# César Cui most relevant works



## Vicente (Aug 5, 2015)

Together with a group of friends I am studying Russian music since the middle of the 19th century. We are well advanced with Mikhail Glinka and now we intend to continue with Cesar Cui. From what I have read his most important works are the short piano pieces and his songs.

I would like you to recommend me what you think are the most relevant works of this author. We will listen to several versions of each one, so it is not important that you include the recording you like the most.

Thanks
Vicente


----------



## Chilham (Jun 18, 2020)

Kaleidoscope (Op. 50), especially No. 9 Orientale, is the only piece I'm familiar with.

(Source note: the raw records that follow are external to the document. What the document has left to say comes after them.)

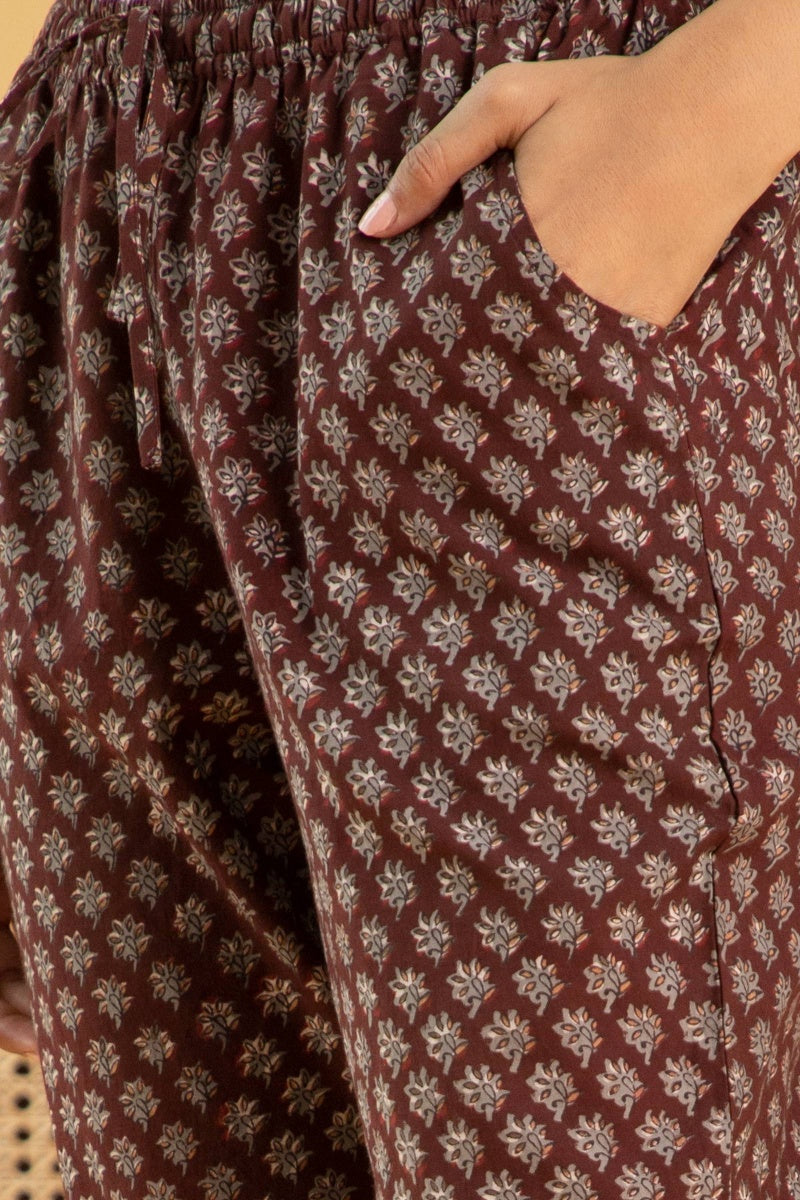 Sehra Nafisa Bagru Narrow Pants
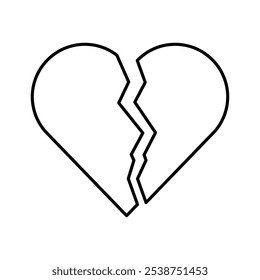 Gráficos del Vector Broken Heart Icon Line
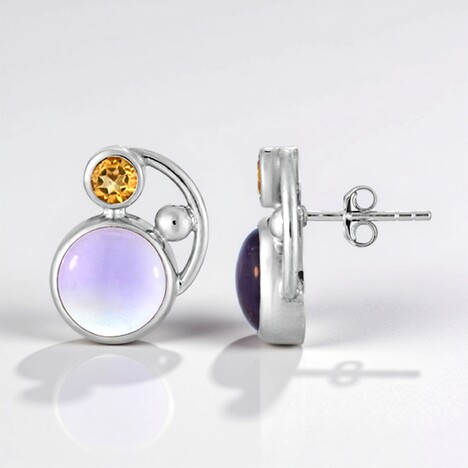 Orecchini in argento con Ametrina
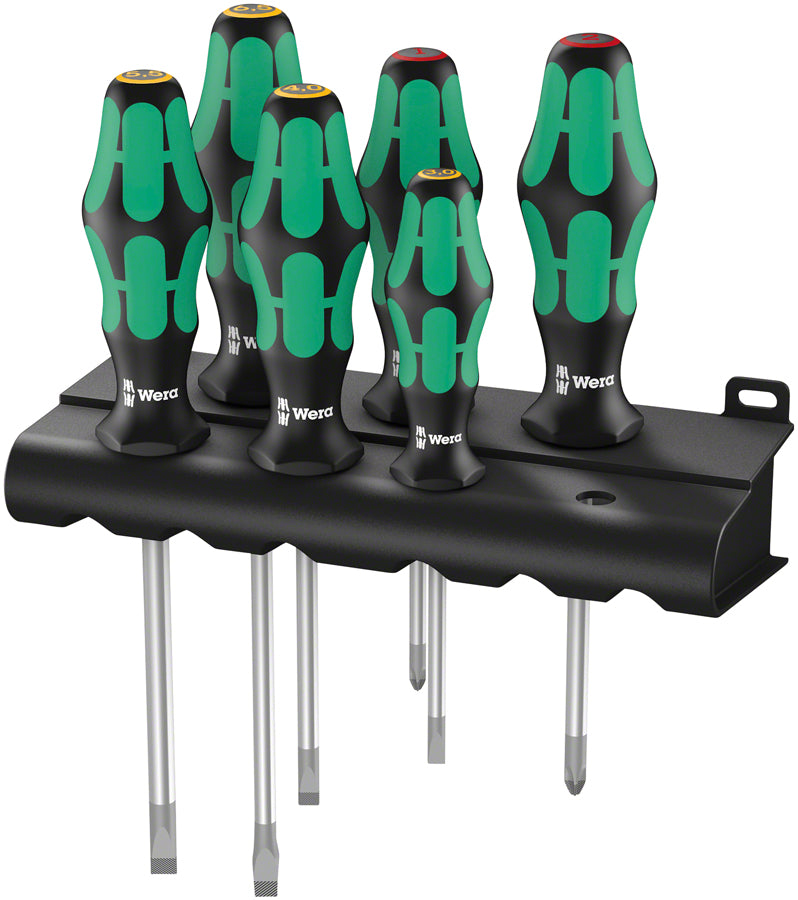 Wera 334/6 Rack Screwdriver Set - Kraftform Plus Lasertip and Rack Screwdrivers Wera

Will follow the thread with interest.


----------



## Bulldog (Nov 21, 2013)

My favorite Cui work is A Feast in time of plague (essentially a short opera). His piano preludes are also fine pieces.


----------



## Vicente (Aug 5, 2015)

I have finally planned the works of Cui that I am going to listen to, according to what I have available in my own record library and through Idagio. He doesn't seem to be a composer that record companies are paying much attention to, which is consistent with the information I've gotten from Cui, which indicates that the part of his oeuvre that holds the most interest is the miniatures and songs.
This is my final list, which I will start listening to when we are done with Glinka, who is indeed giving me some great musical moments:

-	Poems by Pushkin. Op. 57
-	Preludes Op. 54
-	Melodies Op. 54 núm. 5
-	Suite No. 3 in G minor op. 43 “In modo populari”
-	Suite No. 2 in E major op. 38

Regards
Vicente


----------



## Dima (Oct 3, 2016)

Vicente said:


> Together with a group of friends I am studying Russian music since the middle of the 19th century. We are well advanced with Mikhail Glinka and now we intend to continue with Cesar Cui. From what I have read his most important works are the short piano pieces and his songs.
> 
> I would like you to recommend me what you think are the most relevant works of this author. We will listen to several versions of each one, so it is not important that you include the recording you like the most.
> 
> ...


His main works is of course operas, but the main of them are not recorded in audio. As a good examle you can listen this fragment from his opera music: https://drive.google.com/open?id=1h0uFkNyegeUNtDM1fgil_2ZxG-2RxWgL

It is from opera-ballet Mlada every act of which was written by different composer. The composition of the score was divided between César Cui, Modest Mussorgsky, Nikolay Rimsky-Korsakov and Aleksandr Borodin, including interpolated ballet music by Ludwig Minkus. The whole 1 act was written and orchestrated by Cesar Cui - and the fragment I gave here is the end of this 1st act and written by Cui. I decided to give this beautiful fragment as an example of what Cui could compose. In soviet times music of Cui was claimed as bad, that is why you don't need to hear it (but the truth was that he had not russian nationality) and practicaly was not recorded. This fragment show what his opera music is lool like (he wrote about 15 operas). And we can hear Cui on this recording only because this work was labeled on CD and attributed to Rimskiy-Korsakov without any coauthors. Сui was the first composer from the Mighty Handful whose operas were performed on stage and between Mighty Handful he had a reputation of specialist in opera.


----------



## joen_cph (Jan 17, 2010)

Sorry, a slight digression, but Lyadov is more interesting as a miniaturist, IMHO.


----------



## mbhaub (Dec 2, 2016)

Now there's one obscure composer; there's hardly been anything of his recorded. His best work is literary: his reviews of new music at his time are really insightful and interesting. I have what little is on record, from the Marco Polo label years ago. Nothing too exciting. But I have performed one of his works: a military march for band, "Slava". I got hold of the score when I was in college and rescored it for modern American-style wind band and it was on a concert of marches we did back in '77 (?). Interesting, but he was no Sousa. I wish I had a recording, but that old open reel tape is long gone.


----------



## elgar's ghost (Aug 8, 2010)

I was under the impression that Cui's real musical gifts lay elsewhere - namely criticism rather than composition?


----------



## joen_cph (Jan 17, 2010)

I think so too, but he always succeeds in getting mentioned, being a part The Mighty Five gang ...


----------



## elgar's ghost (Aug 8, 2010)

joen_cph said:


> I think so too, but he always succeeds in getting mentioned, being a part The Mighty Five gang ...


Perhaps he was to the _kuchka_ what Peter Lawford was to the Rat Pack. :lol:


----------